Innocent Melkam

Personal information
- Full name: Innocent Ufoma Melkam
- Date of birth: 26 May 1981 (age 44)
- Place of birth: Lagos, Nigeria
- Height: 1.84 m (6 ft 0 in)
- Position: Midfielder

Senior career*
- Years: Team / Apps / (Gls)
- 1999–2001: SG Wattenscheid 09
- 2001–2004: Karlsruher SC II / 76 / (14)
- 2001–2004: Karlsruher SC / 10 / (1)
- 2005: SV Grün-Weiß Langenberg
- 2005–2007: Hammer SpVg
- 2007–2008: Hohhot Black Horse
- 2008: Guizhou Moutai

= Innocent Melkam =

Nigerian former professional footballer (born 1981)

Innocent Ufoma Melkam (born 26 May 1981) is a Nigerian former professional footballer who played as a midfielder.

==Career==
In July 1999, Melkam joined SG Wattenscheid 09, a Regionaliga club in Germany where he played for two years. In 2001, he left for Karlsruher SC's reserve Oberliga team and earned ten caps with the 2. Bundesliga team.

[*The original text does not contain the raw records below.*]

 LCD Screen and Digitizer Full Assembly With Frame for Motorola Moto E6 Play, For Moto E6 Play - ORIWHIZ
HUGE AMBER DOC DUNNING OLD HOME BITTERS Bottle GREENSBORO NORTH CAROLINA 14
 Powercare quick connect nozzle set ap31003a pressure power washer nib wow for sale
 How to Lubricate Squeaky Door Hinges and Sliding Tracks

With the reserve team, he played 76 games and scored 14 goals. In January 2005, he joined SV Langenberg and remained until May 2005. He then moved over to Hammer SpVg (2005–2007), whom he helped gain promotion into the Oberliga in 2006.

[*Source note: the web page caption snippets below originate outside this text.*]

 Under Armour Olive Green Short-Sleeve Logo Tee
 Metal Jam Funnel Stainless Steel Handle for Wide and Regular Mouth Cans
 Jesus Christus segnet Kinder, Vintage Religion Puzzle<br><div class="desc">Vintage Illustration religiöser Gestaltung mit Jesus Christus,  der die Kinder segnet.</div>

After the 2006–07 season, Melkam moved to the China League One, but was unfortunate because the club Hohhot Black Horse of Tibet was banned by the Chinese FA for rules violation. He later made a brief switch to Shanghai East Asia F.C. (China League One) in February 2008.

Melkam returned to Germany in January 2009 and played a half season for SUS Niederbonsfeld.

==Personal life==
Melkam was born in Lagos, Nigeria. He holds both Nigerian and German citizenship.

His elder brother Gabriel Melkam is a left sided midfielder who played for Changchun Yatai in China.